The Citrus County Commission District 2 race pits two political newcomers who have a few things in common. Both candidates are Republican women who live in Homosassa. Both own air conditioning companies with their husbands.

The similarities pretty much stop there.

Diana Finegan, who was first in the race, has aligned herself with the far conservative wing of the county Republican Party and is banking on Republicans going that route in the Primary.

Stacey Worthington entered in the race in January, started slow, but eventually outraised Finegan in campaign contributions.

Then there’s this: Paul Grogan, a no-party candidate whose entry in the race closed the Primary to Republican voters only. Grogan is openly supporting Finegan in the Primary, leading some to wonder whether he’ll be a shill opponent if Finegan wins.

Finegan and Worthington have taken dissimilar paths during the campaign.

Worthington, Vice Chairwoman of the Citrus County Planning and Development Commission, spoke about attracting quality growth to a community that saw the Suncoast Parkway, in the works for over 20 years, open to State Road 44 in Lecanto in February.

She suggested tweaks in the county’s formula for repaving residential roads, a contentious issue among citizens, which Worthington says will provide more work where it’s most wanted.

Finegan has focused on taxes. She is opposed to any tax increase, saying the county has millions of dollars in reserves that could be used for programs and services.

Finegan also raised eyebrows when she announced on her campaign Facebook page an endorsement from the Citrus Crusader, an online newsletter owned by Inverness resident John Labriola.

Labriola, who in 2021 lost a job with the Miami-Dade County Commission over published anti-LGBTQ views, led an unsuccessful effort to regulate Citrus County Library displays.

He touts himself as the Citrus County spokesman for MassResistance, a known anti-LGBTQ hate group, and has presented himself as such before the Citrus County Commission.

Two days later, following online criticism, Finegan removed mention of the endorsement from her Facebook page. She hasn’t addressed the endorsement, though she said she agrees with Labriola that library displays should be regulated.

The attention to her campaign didn’t stop there.

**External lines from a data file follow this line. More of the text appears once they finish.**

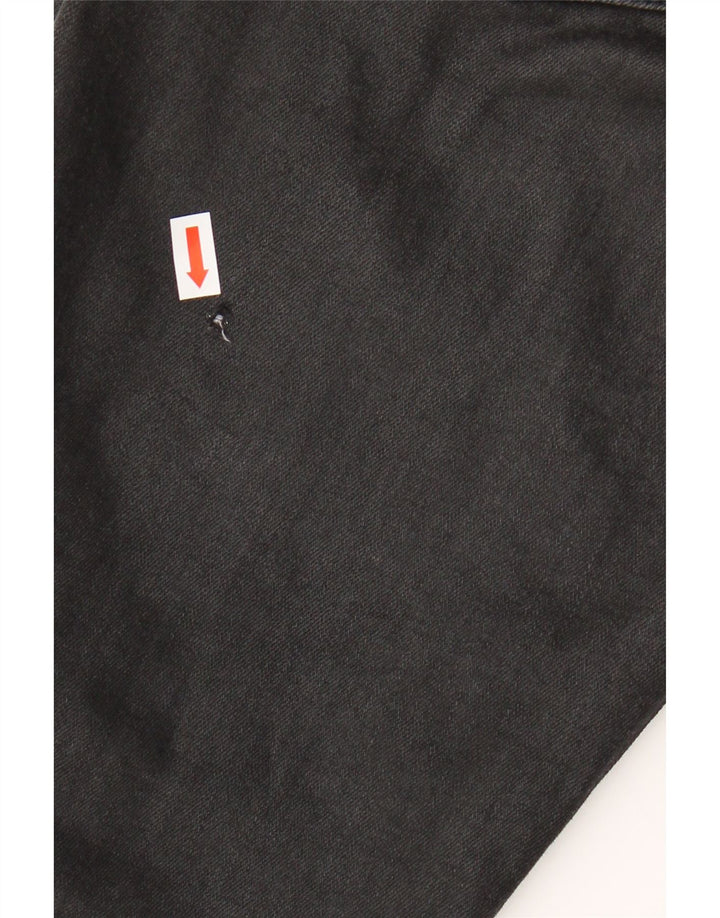 Calça Jeans Slim Feminina GUESS W30 L32 Algodão Preto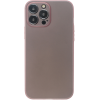 Vivid Θήκη Σιλικόνης Slim Apple iPhone 13 Pro -Transparent / Pink (VISLIM197PK)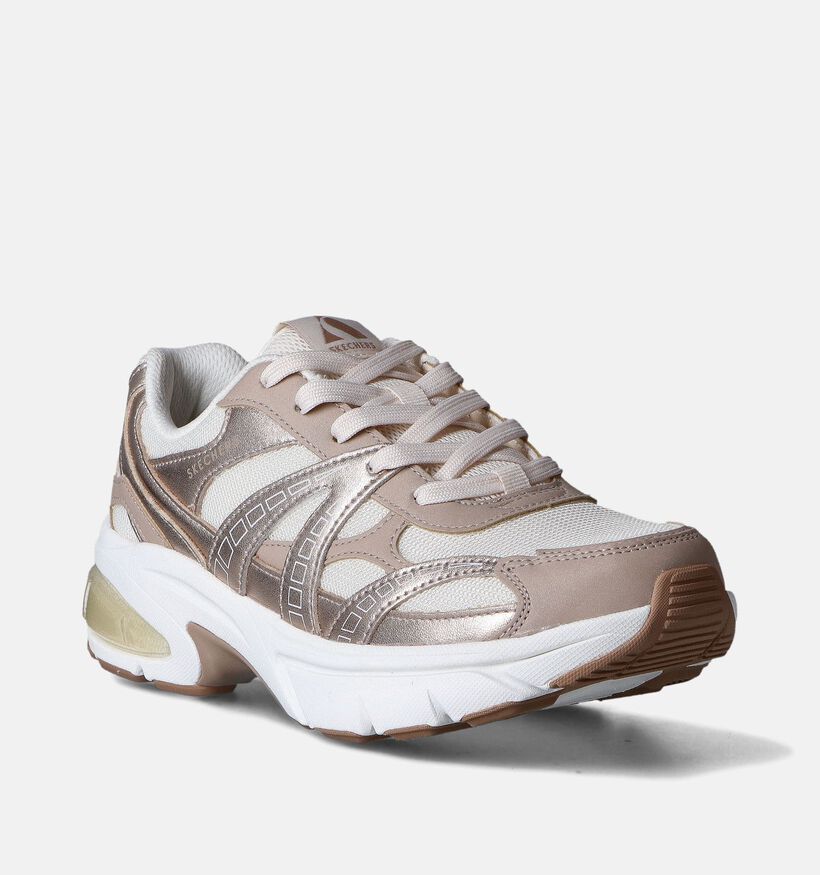 Skechers Shadow Stellar 90 Gouden Sneakers voor dames (352272) - geschikt voor steunzolen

Finegan recently posted a photo at an early voting site. Grogan, who had shared Finegan’s campaign information on his Facebook page prior to getting into the race, commented on the photo: “I hope (and pray) you win the primaries.”

Finegan responded: “Wow Paul! I’ve never met an opponent like you. Lol. Thank you for your kindness and prayers. I’m sure our race will be much nicer than the one I’m currently in.”